To the Editor
Allergies to hen’s egg and cow’s milk are the most common allergies in infants and young children. Wilson et al.(1) reported egg white sensitization in 8% of children with a median age of 7.7 years, but prevalence varies among studies. The majority of children with hen’s egg allergy become tolerant as they grow older (“natural tolerance”), with resolution of egg allergy in ~50% by 27–72 months of age(2,3). A recent review summarizes research on food allergy resolution(4).
For patients with persistent food allergies, different therapies, including oral immunotherapy (OIT), are studied. OIT has been shown, in subjects with allergies to egg and several other foods, to successfully desensitize to the culprit food(s) while increasing levels of antigen-specific IgG4 and slowly decreasing or maintaining levels of antigen-specific IgE(5–8). Studies suggest that most participants have to continue to ingest the allergen regularly to maintain desensitization. Only a small subset reached sustained unresponsiveness for the studied timeframe when discontinuing egg consumption(5–7). In contrast, individuals who are naturally tolerant to egg don’t need to ingest egg regularly to stay desensitized.
In this exploratory study, we interrogated differences in plasma immune responses among participants who outgrew an egg allergy, those who were egg-allergic and successfully desensitized by egg-OIT, and non-egg-allergic controls. Understanding the differences among these populations may help to identify why most participants after OIT have to maintain eating the food to stay desensitized while this is not necessary in naturally developed tolerance. As a long-term goal, this may aid in the development of improved treatments for egg allergy.
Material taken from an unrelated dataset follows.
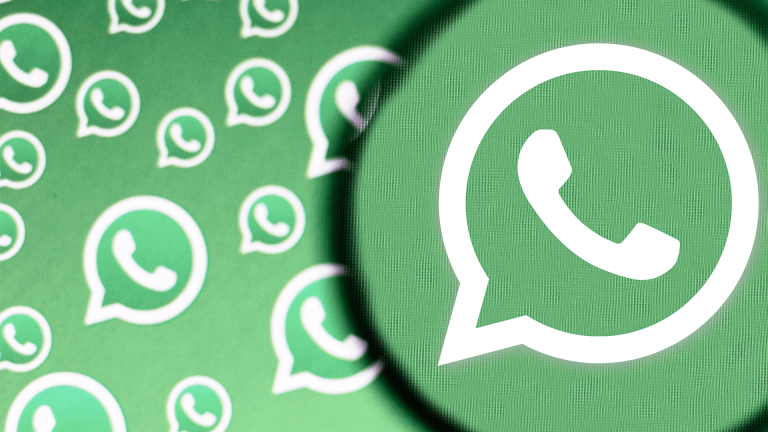 Con esta función, WhatsApp permite a los usuarios archivar los chats en lugar de eliminarlos directamente. Siempre podrás rescatarlos.
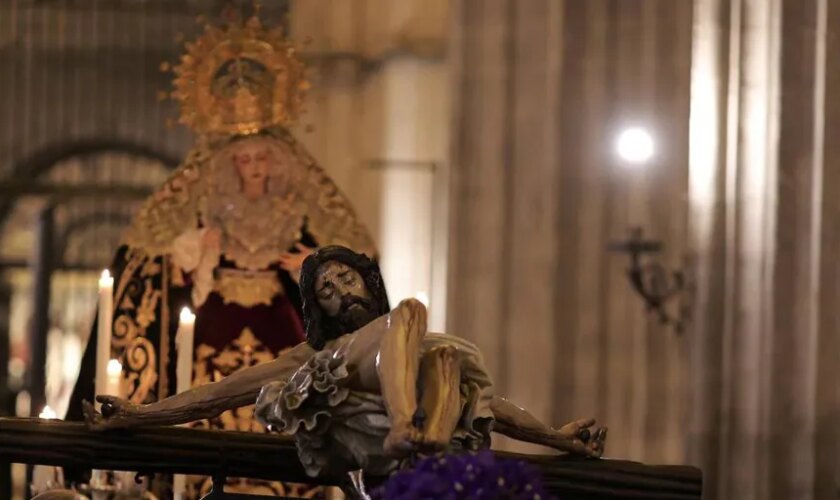 Los Estudiantes modifica el itinerario de la procesión extraordinaria por el alumbrado de Navidad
We identified 24 egg-allergic participants who were successfully desensitized by egg-OIT and therefore were analyzed as participants in the pre- and post-egg OIT group, 28 non-egg-allergic participants, and 30 who outgrew their egg allergy, defined by questionnaires. All participants had other atopic diseases, including other food allergies (Table 1). We compared specific IgE (sIgE) and IgG4 (sIgG4) levels to hen’s egg and its major components (Gal d 1, Gal d 2 and Gal d 3). See the Supporting Information for details. Table S1 lists results of the pairwise analyses.
Table 1:
Study demographics.
| Non-egg-allergic | Pre-/post-egg OIT$ | Egg-allergy outgrown | P value* | |
|---|---|---|---|---|
| Participants (n) | 28 | 24 | 30 | |
| Sex female, n (%) | 19 (68%) | 8 (33%) | 8 (27%) | 0.004 |
| Age in years, median (range, IQR) | 8.5 (4–18, 3.25) | 8 (3–24, 5.25) | 10 (2–24, 5) | 0.24 |
| History of asthma | 12 (43%) | 14 (61%) [1 NA] | 19 (73%) [4 NA] | 0.08 |
| History of atopic dermatitis | 22 (79%) | 20 (87%) [1 NA] | 21 (81%) [4 NA] | 0.76 |
| History of allergic rhinitis | 21 (75%) | 15 (65%) [1 NA] | 18 (69%) [4 NA] | 0.60 |
| History of allergy to food(s) different from egg, n (%) | 27 (96%) | 23 (96%) | 30 (100%) | 0.53 |
These 24 participants were part of the pre- as well as post-egg OIT group. The pre-egg OIT demographics information is provided.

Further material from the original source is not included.